To make matters worse, when Brooke needs to go to the Emergency Room, getting from her house to her car is “like climbing Mount Everest,” according to her friend Jamie. The family didn’t have a “proper path from their house to their car as well as a driveway,” Jamie said.
That is, until Random Acts TV, a television show I co-host on BYUtv, swooped in. The show features acts of kindness done for good, deserving people who could use a friendly helping hand.
In our first-ever episode of the show, “Dream Driveway,” we put Brooke and Jeremy up in a hotel and took them out to lunch and a movie to help them celebrate their anniversary while Shawn Hawkins and his company Good Concrete went to work. At the movie, we premiered a short commercial we made showing Shawn and his team building Brooke and Jeremy the new driveway of their dreams.
The new driveway changed their lives.
“It’s very humbling that people…think of us,” Shawn said when he witnessed the transformation. He was crying. We were crying. All their friends were crying. It was an amazing moment. You have to watch it.

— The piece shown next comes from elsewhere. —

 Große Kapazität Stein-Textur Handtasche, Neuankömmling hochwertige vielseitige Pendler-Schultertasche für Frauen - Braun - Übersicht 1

This kind of thing is what Random Acts is all about. There is too much suffering in the world, and we see it as our job—as the job of everyone—to help alleviate it when we can in whatever ways we can. Shawn is a hero, but he is not unique.
A few episodes later, we met Cole Keller, a young boy with special needs. His incredible mother, Sarah, was determined to do everything she could to ensure her son’s well-being. With the help of Shawn and his concrete company, Random Acts secretly transformed the Kellers’ backyard into a sanctuary the whole family could enjoy.
If you look closely in the background of this episode, called “Backyard Blitz,” you’ll notice a familiar face, Jeremy, Brooke’s husband. He was right there with us, paying the kindness done for him forward.
There are people like Shawn and Jeremy all over America. I know because I’ve met them. We’ve traveled all across the country and found and filmed wonderful people doing wonderful things for each other while asking nothing in return.
That’s why we’re proud to be teaming up with Reader’s Digest to find the Nicest Place in America, a place where people are nice to each other and kindness is the golden rule.
The period to nominate a place is over on June 5th, and with hundreds of amazing entries, we’re far from ready to crown one of them the Nicest Place in America.
So, first off, if you haven’t already, go to right to the nomination form and enter your town, neighborhood, village, place of work, place of worship or anywhere else you know of where the people are just plain nice.
Next, check out all the amazing places we’ve already found and the incredible stories of the people who live there. So much inspiration.
And stay tuned, because on June 21, we’ll be announcing the ten finalists and asking for you to vote on which you think should be named the Nicest Place in America!
The winning place will be on the cover of the November issue of Reader’s Digest, so don’t forget to vote and make your voice heard!
Where I come from, Provo, Utah, we make nice a part of our lives every day—heck, we even made a TV show about it! But I know we’re not alone. America is full of nice places. And we’re going to find them.